Alternative to Rust's borrow checking and explicit lifetimes?
Walter Bright
newshound2 at digitalmars.com
Tue Apr 14 10:18:19 UTC 2020
On 4/13/2020 11:18 PM, lstfmk wrote:
> While learning Rust, I came up with an alternative strategy to prove memory
> safety. So I created this thread on the Rust user forums:
> https://users.rust-lang.org/t/alternative-to-borrow-checking-and-explicit-lifetimes/40906
>
>
> The post is a rough sketch of my strategy and is certainly could be more
> thorough. It is intentionally so such that you get a gist of the strategy.
> Though I am certain D could not implement this without breaking backward
> compatibility by a huge margin, I post here just so that it could be at least
> considered as I've heard that work on a lifetime/borrowing system is going on to
> be included in D.
>
> My strategy doesn't impose any borrow restrictions and doesn't require explicit
> lifetime annotations at all, while seeming to provide the same guarantees that
> Rust's borrow checker currently provides. Currently, the borrow checker imposes
> the limit that you can have either one mutable reference to an object (or)
> multiple immutable references to the object. This exclusiveness currently makes
> Rust feel very restrictive, not to mention explicit lifetime annotations.
>
> Regarding analysis complexity, I suspect my strategy is much simpler than Rust's
> current borrow checker since it works with scope-based lifetimes very well.
> Rust's technique is to lower the Rust code to a middle-level IR to take into
> account what is called non-lexical lifetimes(NLL) which are inferred using some
> sort of liveness analysis. This NLL consideration was added 2 years ago before
> which Rust was even more restrictive.
Thank you for posting this, it's good to see more effort in this direction.

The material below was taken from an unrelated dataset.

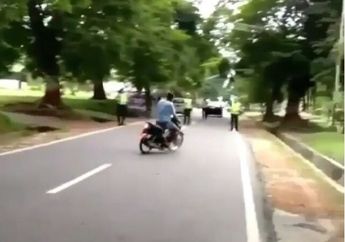 VIDEO : Hampir Terciduk, Lihat Aksi Pengendara Sepeda Motor Lolos dari Operasi Zebra, Kocak!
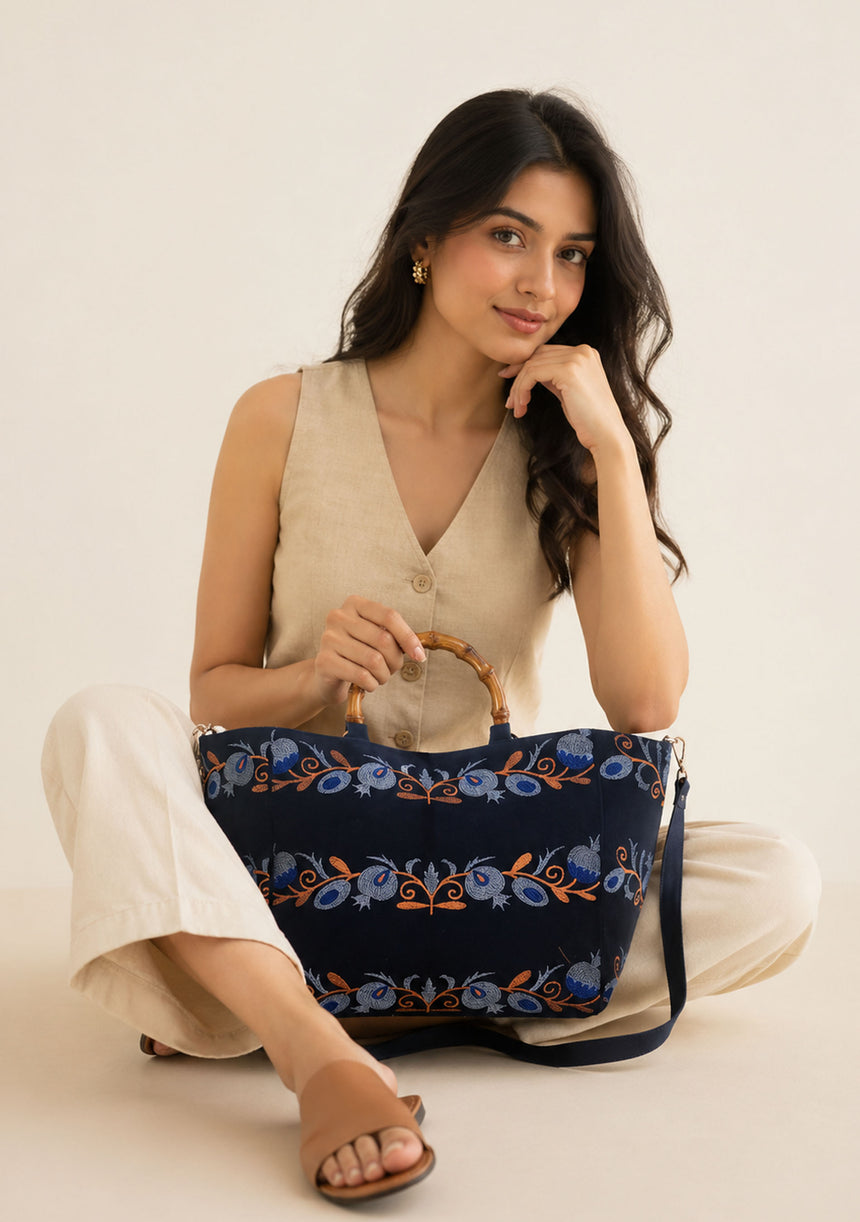 Women's Embroidered Canvas Handbag - Zolra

D's current Ownership/Borrowing system does do NLL, and uses Data Flow Analysis
to achieve it.
Like Rust, D's O/B checking is done on a per-function as a whole basis, and
relies on the function signatures being correct.
Your proposal requires tracking which pointers are heap-allocated and which are
not. This would be quite difficult to do in D with its current design.